It shouldn’t be surprising, then, that Adolf Hitler, who loved the idea of women embracing very traditional roles, hated red lipstick. Women visiting his country estate were even instructed that they should "avoid red lipstick."

I can’t say that it was borne out of a desire to stick it to Hitler, but during the war years in America (and to some extent England) wearing lipstick was seen as women’s patriotic duty. Women were expected to look beautiful, so the men fighting abroad had something to dream of. That meant lipstick, and it was almost always red. "Auxiliary Red" — as you might expect, a bright red lipstick — was advertised as "the lipstick for servicewomen." Other brands like "Fighting Red — A Brave New Lipstick Color" or "Emblem Red" followed shortly.

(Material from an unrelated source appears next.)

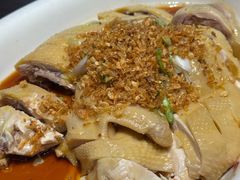 -广府乡下·饭庄(新港东路店)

All of this meant that by the 1950’s, red lipstick had become a standard at a time when 98% of American women wore lipstick (for perspective, only 96% brushed their teeth). Only the names for lipstick changed, from ones about fighting the good fight to ones like "Love that Red!" or "Royalty Red." It became the ultimate emblem of not rebellion, but of femininity. Ads showing ladies applying their red lipstick encouraged women to "take time out for beauty" — just like Marilyn Monroe, Rita Hayworth and Elizabeth Taylor, who were all fans of the shade.

So, it only took about 4,950 years for red lipstick to become entirely socially acceptable. It might be bit of an overstatement to talk about how it’s something that "shows confidence" and "dares you to live up to it," but it’s still a rare item that can appeal to sex symbols, patriots and feminists.